DETROIT (WXYZ) - The defense attorneys in the Kilpatrick Corruption Case are outraged – asking the judge to take the trial out of state.
"We can't get a fair trial here in Detroit. It's clear as day," said Mike Rataj.
Rataj and the rest of Bobby Ferguson's defense team are calling on Judge Nancy Edmunds to move the Kilpatrick Corruption trial to another state.
The reason: the intense media coverage of the case – especially Monday's article in the Detroit Free Press about Ferguson's other federal case that ended in a mistrial in earlier this summer.
The article did not name the juror, but gave details about an African American woman whom the paper described as the holdout who refused to convict Ferguson. The paper reported that she didn't disclose her husband's past criminal conviction, or a bankruptcy filing. Rataj is calling it intimidation of African American jurors, a move to keep them from wanting to serve on the jury.

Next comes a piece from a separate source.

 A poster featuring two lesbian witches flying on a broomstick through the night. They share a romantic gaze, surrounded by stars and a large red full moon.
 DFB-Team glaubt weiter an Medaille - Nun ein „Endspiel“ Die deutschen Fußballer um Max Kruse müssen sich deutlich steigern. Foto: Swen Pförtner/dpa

"What the Free Press is saying, is if you hold out, or if you even have the temerity to find these people not guilty, we are going to hunt you down, we are going to expose you, we are going to investigate you, we are going to harass you," said Rataj.
Ferguson's lead defense attorney, Gerald Evelyn, told Judge Edmunds that based on the article, "it's clear to the jurors there will be consequences to a not guilty verdict" and "I think it's impossible for us to get a fair trial." Evelyn was visibly angry as he asked the judge for a change of venue.
Kwame Kilpatrick's attorney Jim Thomas called the article a "shot across the bow" for attacking the credibility of jurors. Thomas told the judge he is concerned the former mayor can't get a fair trial, and called the comments left by people on the Detroit News and Free Press websites "a clear and present danger to his client and his family."
Rataj says he's also concerned about his client's safety, because of comments posted online.
"They're there for everybody to read: Kwame Kilpatrick should be hung at Hart Plaza, have a public lynching – like we're in Mississippi in 1920? And we should wear bullet proof vests to court," said Rataj referring to the reader comments online.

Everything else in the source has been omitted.